= Sterling EQ =

South African all-woman classic crossover group

Sterling EQ is an all-woman classical crossover group from South Africa. Sterling EQ won a South African Music Award (SAMA) in 2011, becoming only the second girl band to do so.

==History==

Sterling EQ was formed in 2007, and is led by flutist Carina Bruwer, who is also an ex-professional open water swimmer, who holds some South African and international records. Other members changed between 2007 and 2009, until the release of Sterling EQ's debut album, Nova (produced by South African Kwaito producer Gabi Le Roux), when the quartet's line-up settled, with Bruwer on flute, Eriel Huang on violin, Magdalene Minnaar on viola and Ariella Caira on cello.
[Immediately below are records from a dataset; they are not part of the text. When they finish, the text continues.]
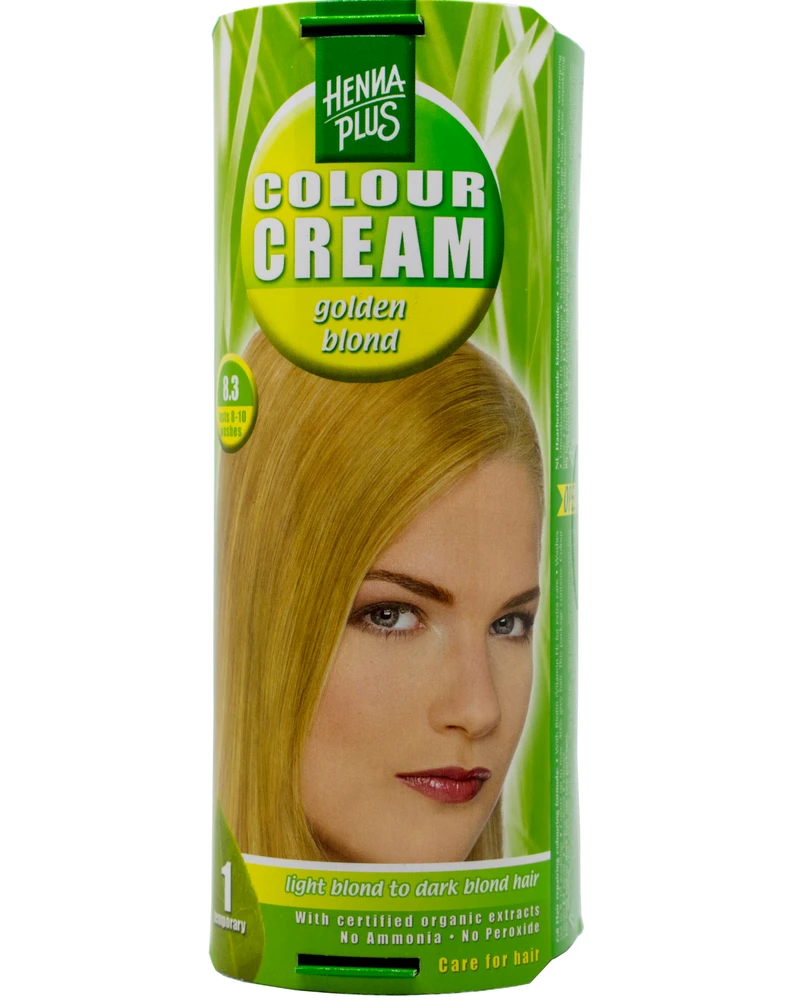 Henna Plus HAIRWONDER Colour Kreminis dažantis kremas, spalva auksinė blondinė 8.3
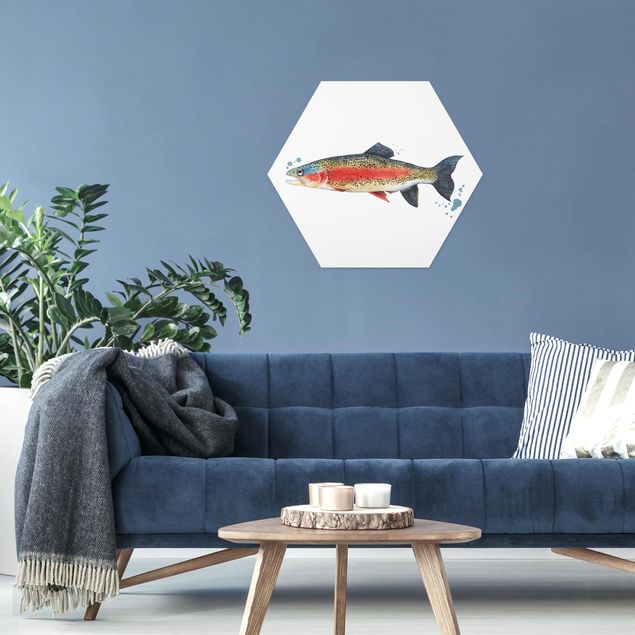 Wandbilder Modern Farbfang - Forelle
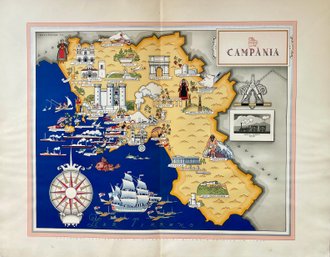 Prof. Giovanni De Agostini, 'Campania ' Pictorial Map Print From The Portfolio Image Italia, 1939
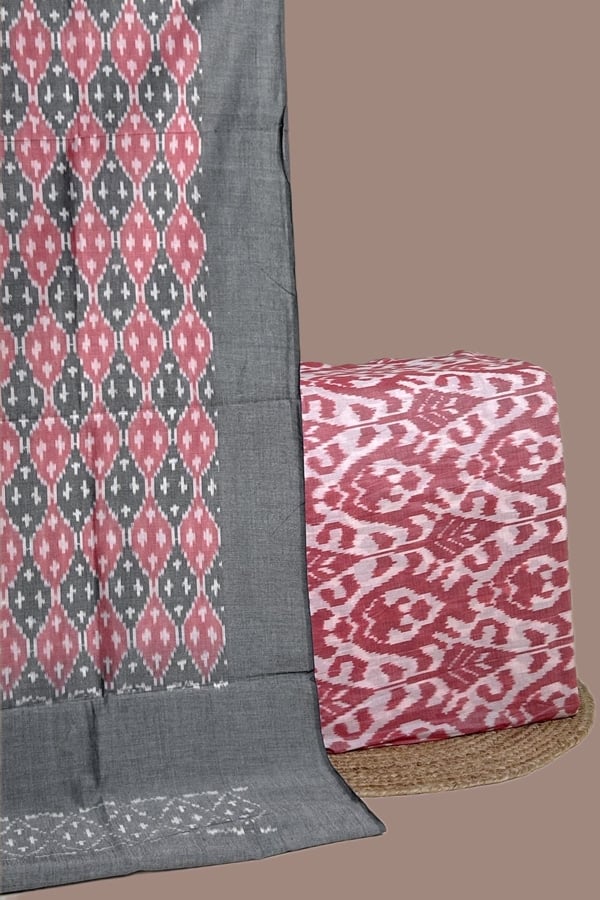 2pc Ikkat Cotton Dupatta and Handloom Soft Ikkat Cotton Top Fabric Set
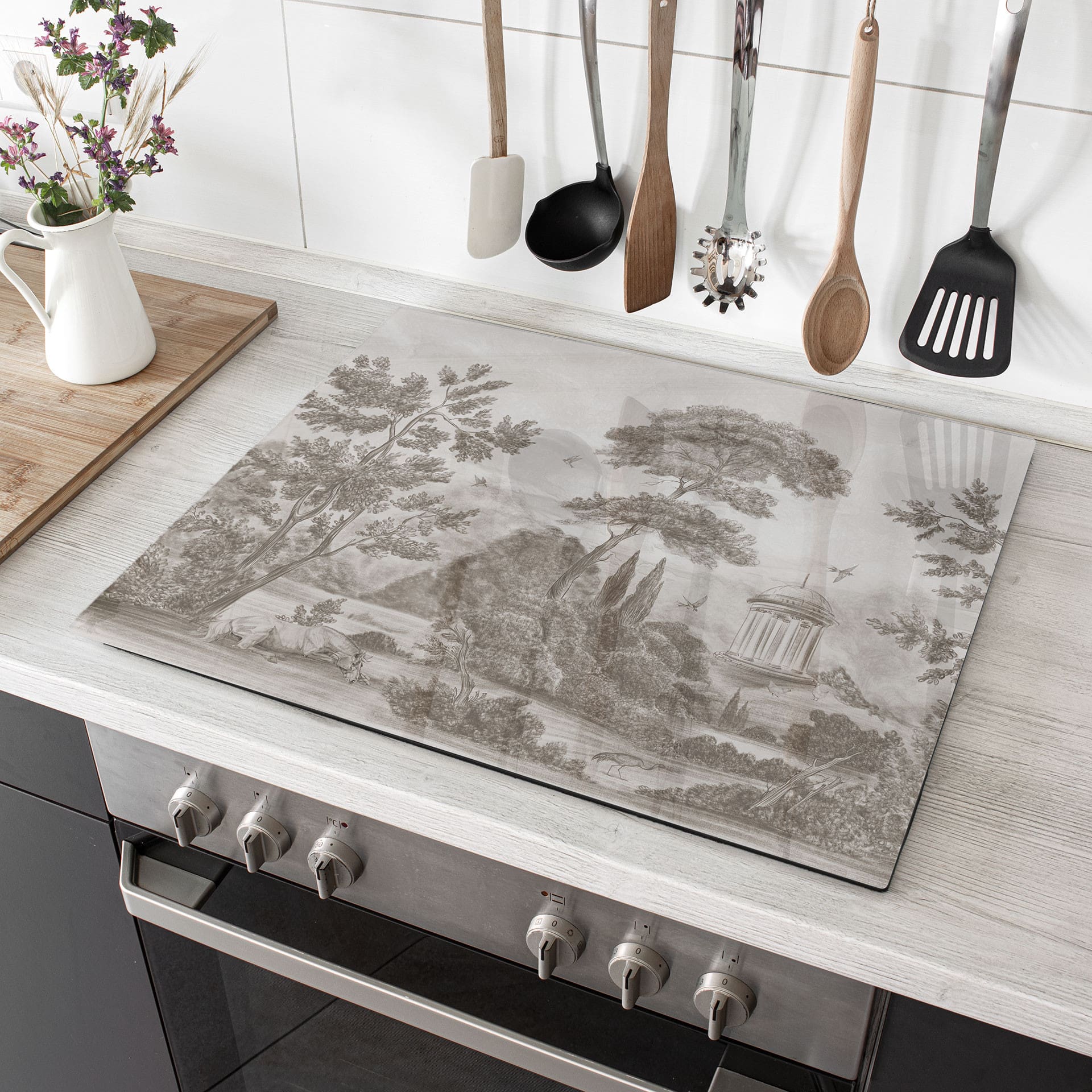 Kookplaat afdekplaat landschap met tuinlandschap in beige - Ms Tiff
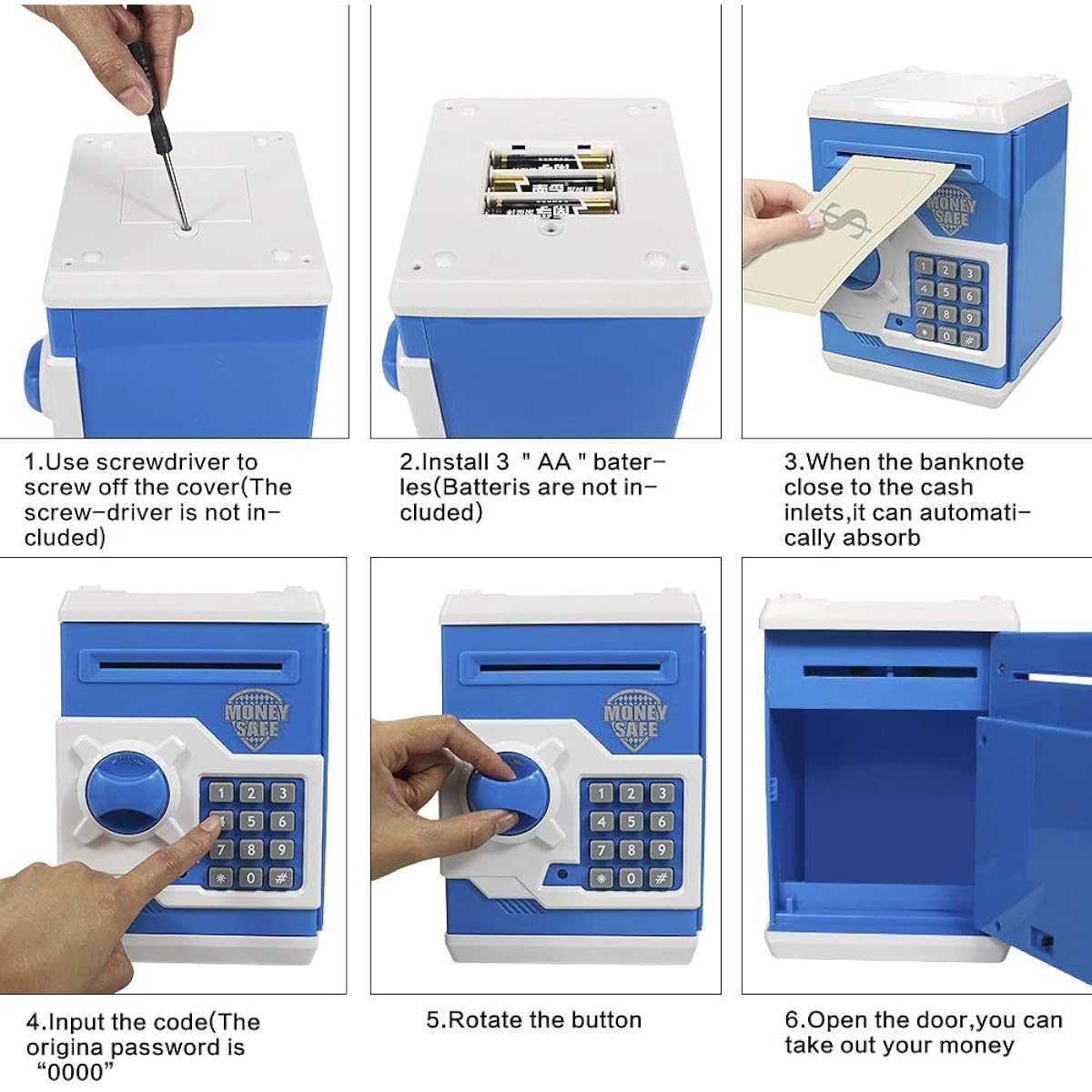 Suliper Baby Toys for Kids Electronic Code Lock Piggy Bank Mini ATM Electronic Coin Bank Box Kids Birthday Gift Suliper-WF01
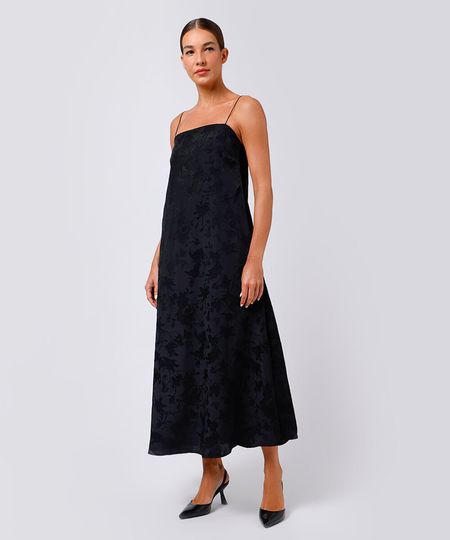 vestido midi slip dress feminino de jacquard floral mindset preto P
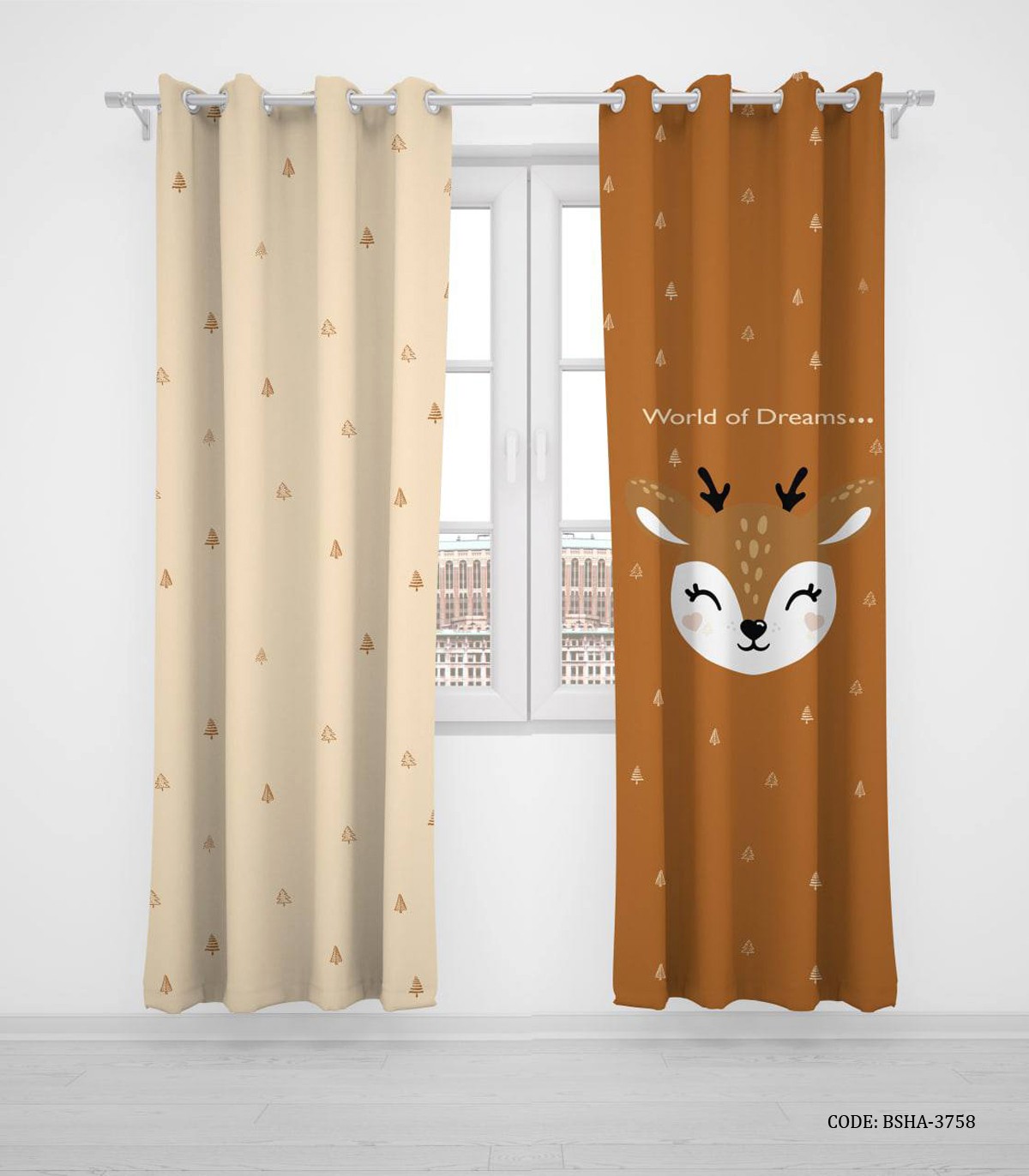 پرده پانچی دو تکه اتاق دخترانه و پسرانه طرح گوزن مدل WinterWorld Of Dreams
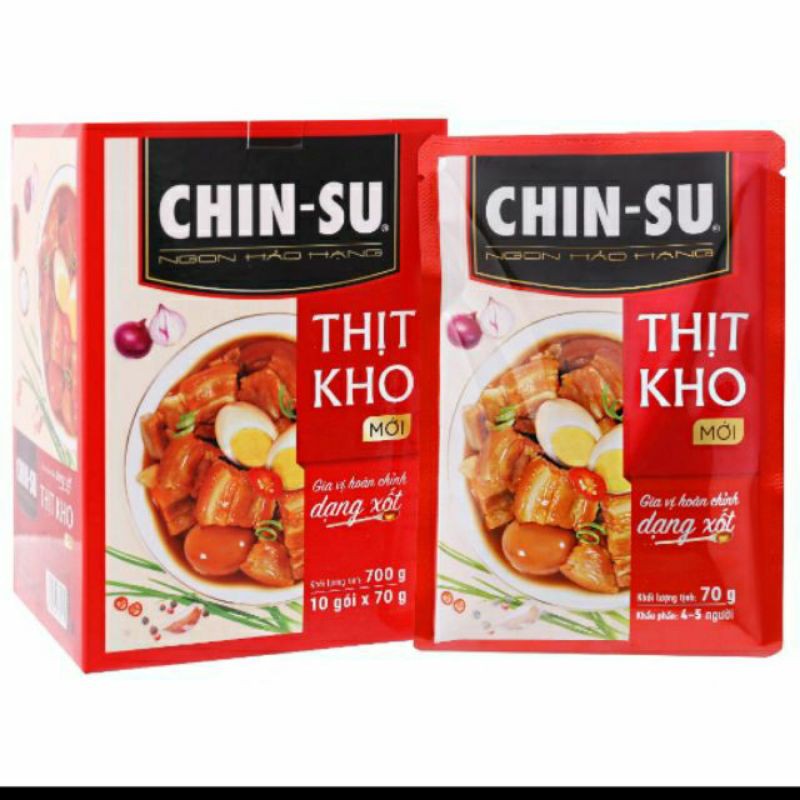 Gia vị thịt kho chinsu hộp10 gói × 70g
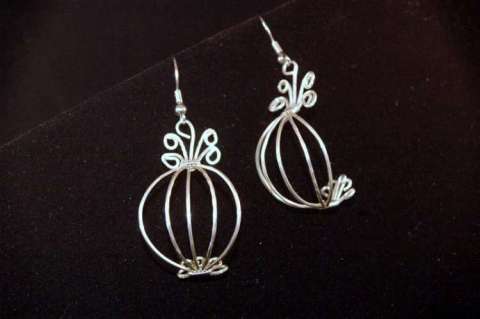 wire cage earrings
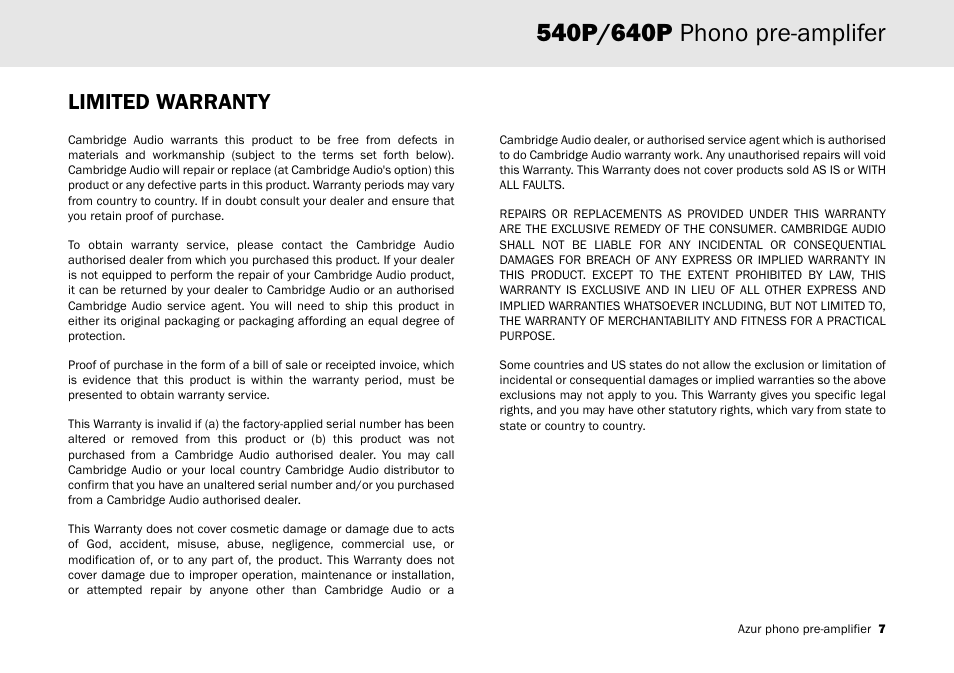 Limited warranty | Cambridge Audio Azur 540P User Manual | Page 7 / 8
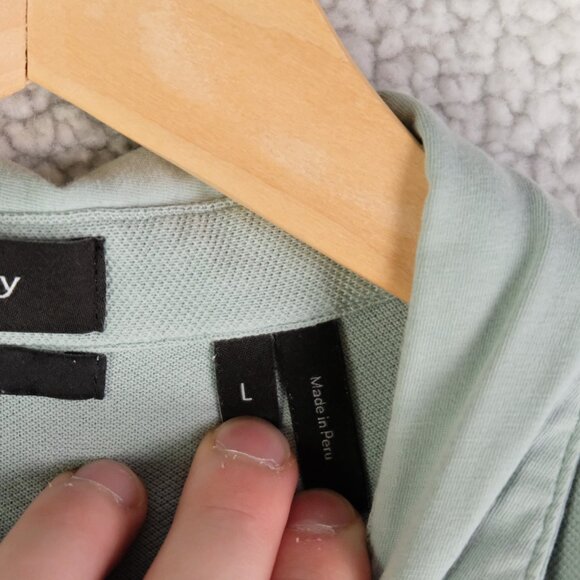 Theory Polo Womens Large Green Shirt Slim Fit Preppy Golf Lightweight Stretch - Picture 7 of 8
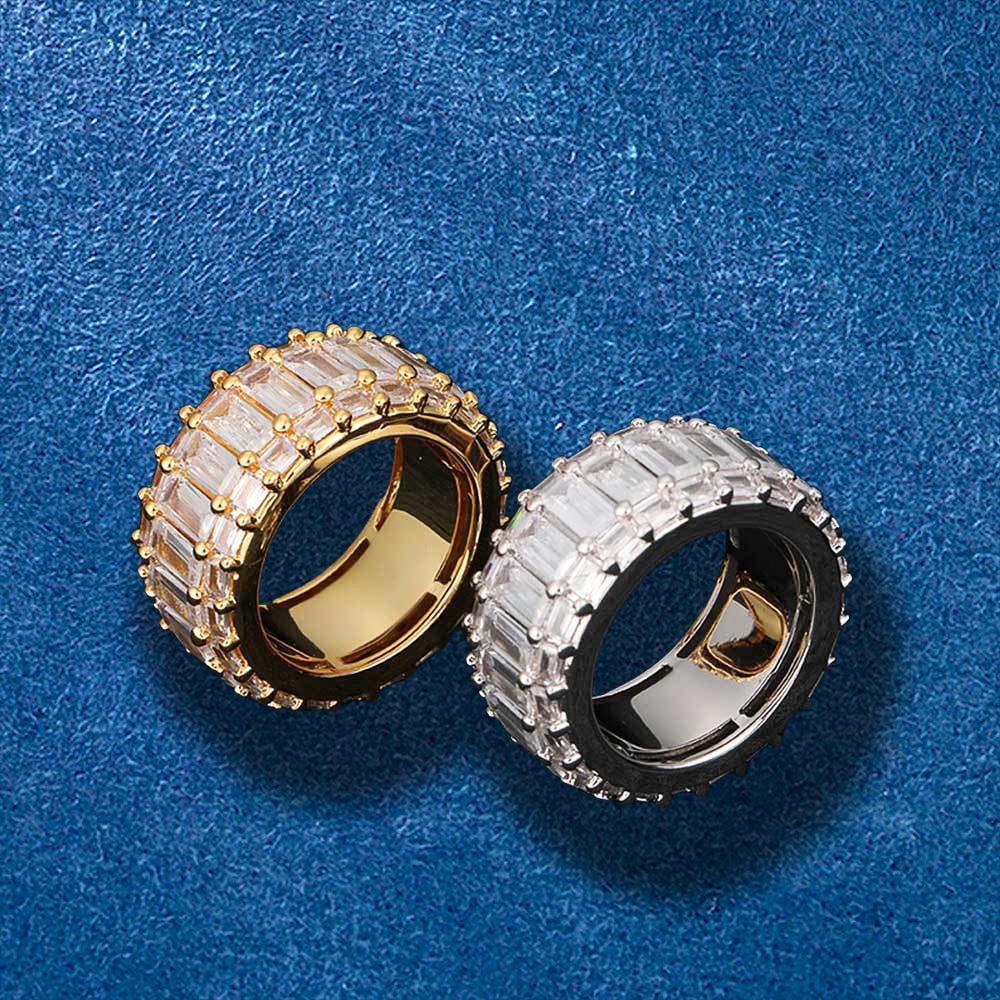 Hip hop fashion ring with iced detailing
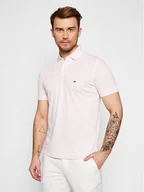 Koszulki męskie - Tommy Hilfiger Polo 1985 MW0MW17770 Różowy Regular Fit - miniaturka - grafika 1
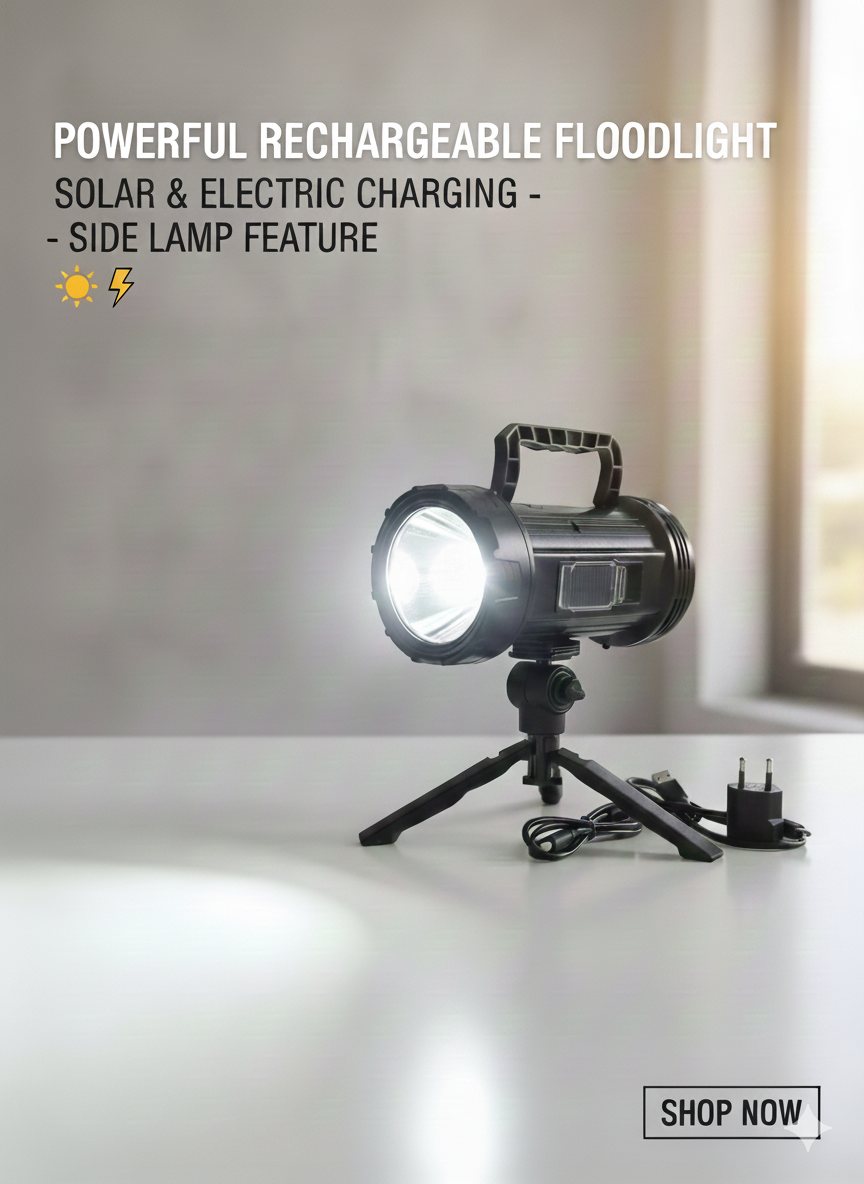 Solar emergency Light 2 in 1 Rechargeable side lamp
In 2010 the band self-released their debut live DVD "Sterling EQ Live in Concert", which won them the SAMA Award in 2011. Minnaar left the band in pursue of a singing career in 2010. She was replaced in 2010 by Renate Riedemann. Sterling EQ's 2nd studio album, Sterling Speel Afrikaans, was released in October 2010. This was a concept album, consisting of instrumental versions of Afrikaans songs. In September 2011, Sterling EQ signed a record deal with EMI South Africa, and during March 2012, it was announced that EMI would release their 3rd studio album in August 2012. In March 2013, the group announced on their Facebook page, that Riedemann would be leaving the group and that the band would continue as a three-piece. In August 2013, South African violinist Luca Hart joined the group when Huang relocated to Boston.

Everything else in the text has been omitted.